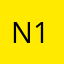 N1IRB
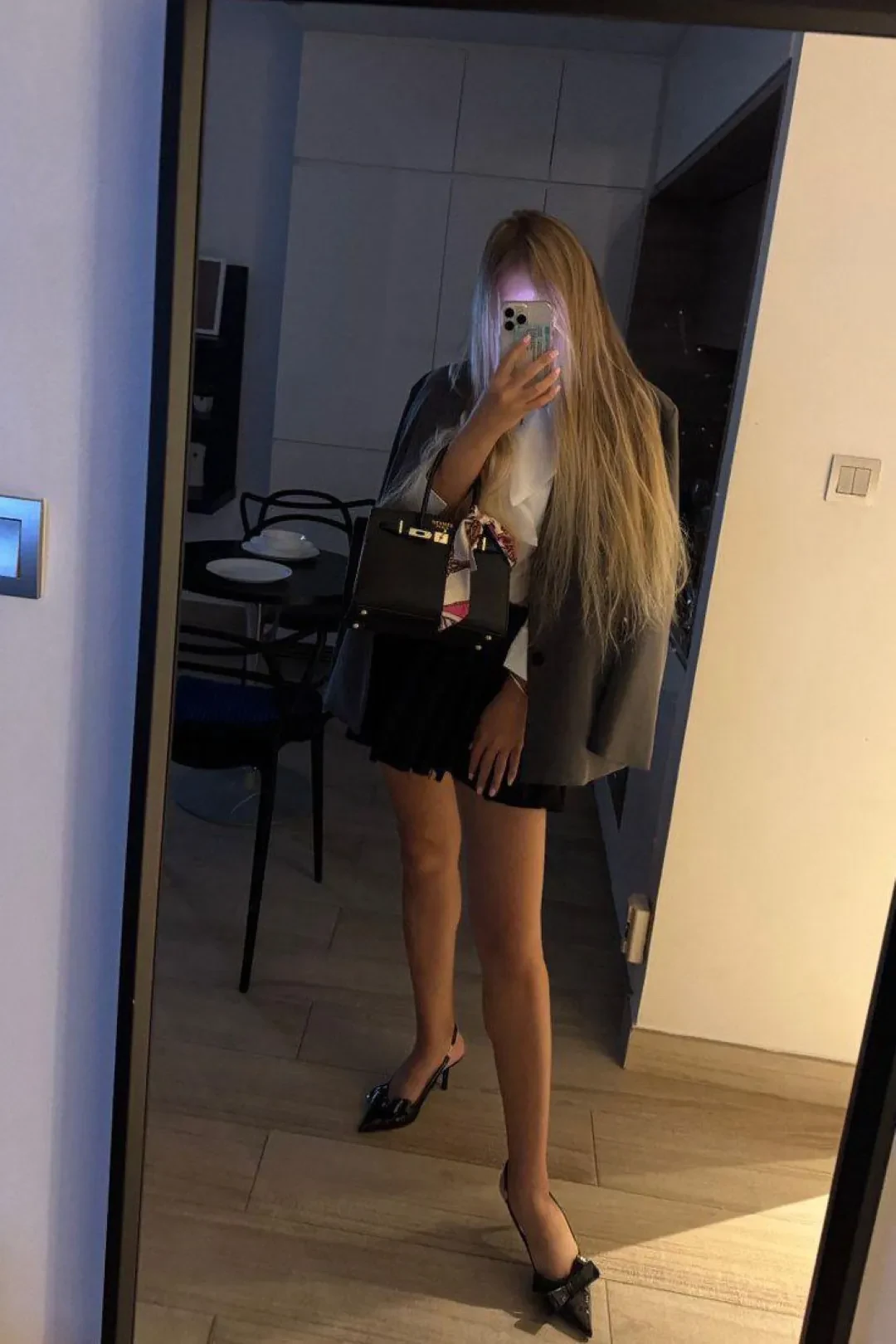 Liya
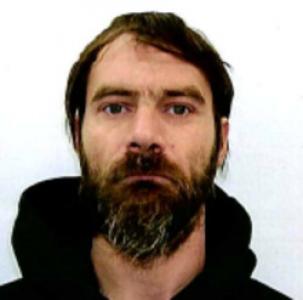 Charles W Keaten a registered Sex Offender of Maine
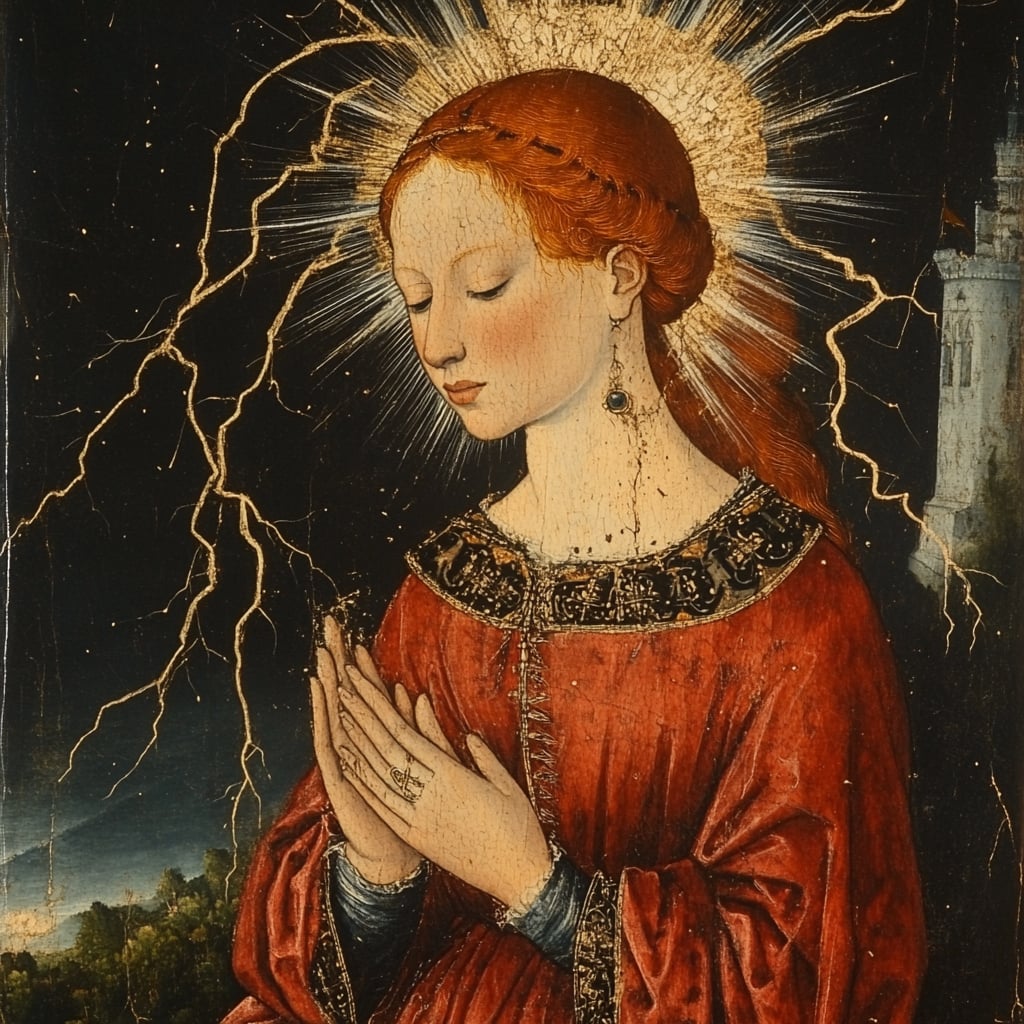 Beatitude or blessedness - Philosophical Concept | Alexandria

* _EXERCISE PROMPT_
Return the listing above unchanged, apart from dropping its pictures.

* _RESPONSE TO THE TASK_
 N1IRB
 Liya
 Charles W Keaten a registered Sex Offender of Maine
 Beatitude or blessedness - Philosophical Concept | Alexandria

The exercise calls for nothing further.